Fir Plywood Handbook
I always thought of plywood as a very mid-century material, probably because of the Eames’ chairs, and was surprised to learn that the basic lamination of veneers goes back to the ancient Egyptians, but up until the late 30s it was a material hampered by the fact that no really good waterproof adhesives were available, which limited it’s use. It was WWII that was plywoods real proving ground, and after the war the technology and use of the material really began to take off. In 1950, five Canadian companies founded the Plywood Manufacturers Association of British Columbia (PMBC), which eventually evolved into the present-day Canadian Plywood Association (CANPLY). The Canadian Standards Association published the first Canadian Plywood Standard in 1953 based on specifications developed by PMBC.
As part of the Trend House Program in the early 50s, plywood plays a major role in both the structural and interior construction of the houses, and indeed when we moved into the Calgary Trend House, there was not a single piece of drywall in the place, rather, all of the interior walls were sheathed in either 3/4 inch plywood or some of the other woods (Hemlock, Western Cedar) that was being promoted by the sponsors of the program.
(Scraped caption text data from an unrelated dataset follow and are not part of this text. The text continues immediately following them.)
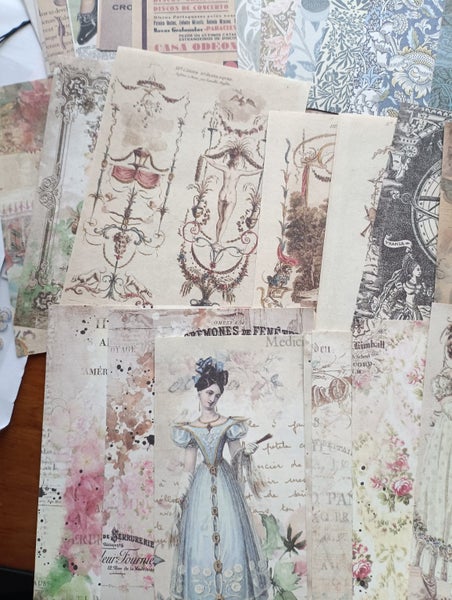 Retro, vintage Scrapbooking decorative Paper 60 Sheets. set 5 Carousel 4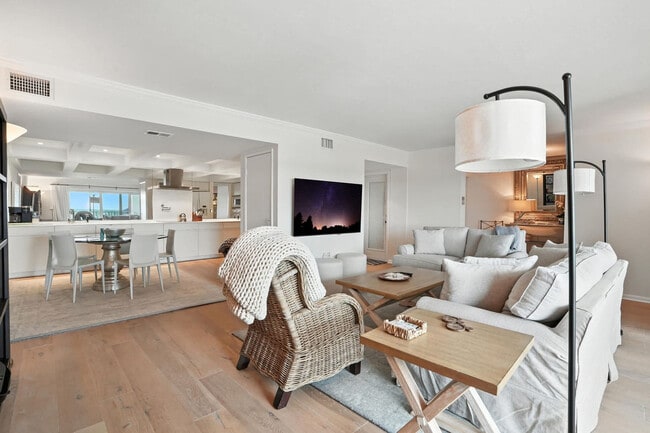 Photo - 3951 Gulf Shore Blvd N Unit FL8-ID1049705P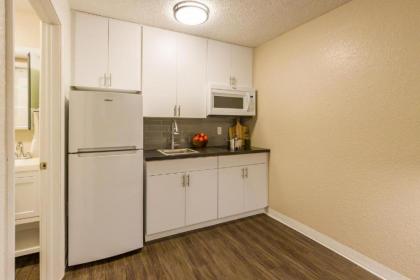InTown Suites Extended Stay Houston/Willowbrook - image 9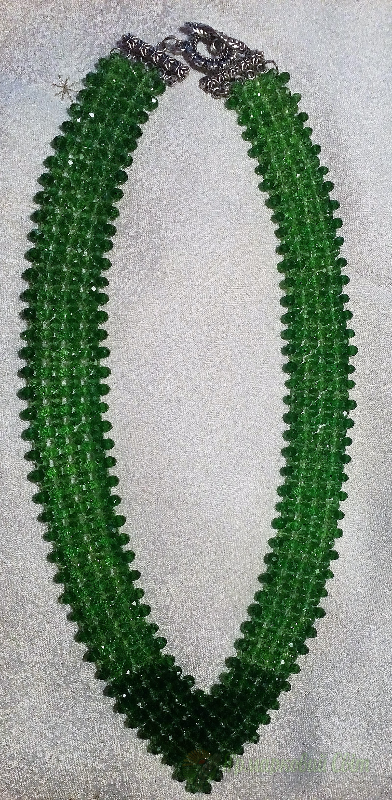 <div style=margin-left:10px><h1> Ожерелье из чешского стекла.</h1><p><a href="/catalog/ukrasheniya/">Прикраси</a> » <a href="/catalog/ukrasheniya/aksessuary/">Аксесуари</a></p><i class="fa fa-map-marker"></i> Одесская область, Одесса<br /><br /><div class="socdata"><script src="//yastatic.net/es5-shims/0.0.2/es5-shims.min.js"></script>
                                            <script src="//yastatic.net/share2/share.js"></script>
                                            <div class="ya-share2" data-services="facebook,gplus,twitter,lj,viber,whatsapp,skype" data-counter=""></div></div>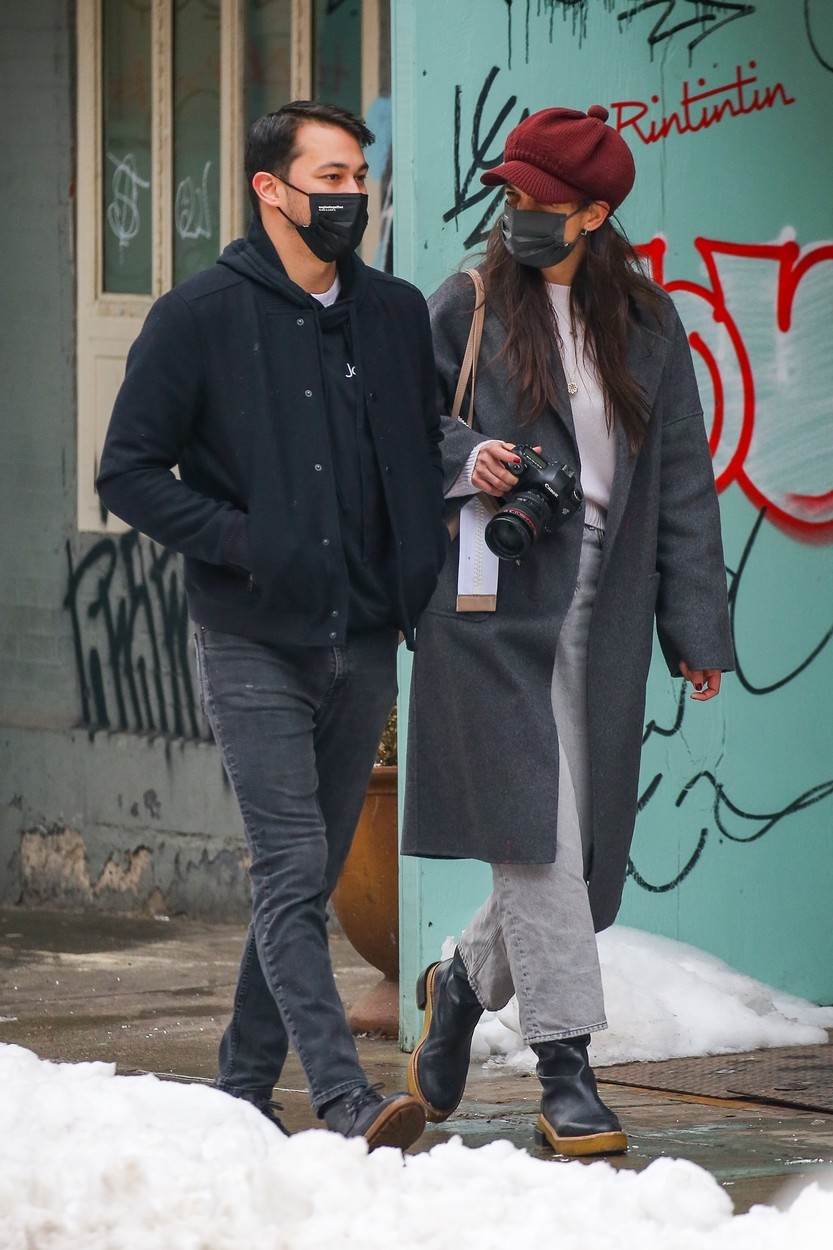 UČITE OD NAJBOLJE Katie 'fura' čizme sezone, a mi smo ih našli na sniženju!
Always on the look out for documentation that represented the technology of the house, we came across a small handbook. produced by the PMBC called “Carpenters Fir Plywood Handbook”. Not only is it a great guidebook for carpenters and architects, it is filled with fantastic drawn illustrations, not only technical, but great cartoony “how to work with plywood” drawings that remind me of the Disney “I’m No Fool” series of shorts we’d watch in elementary school in the early 70s.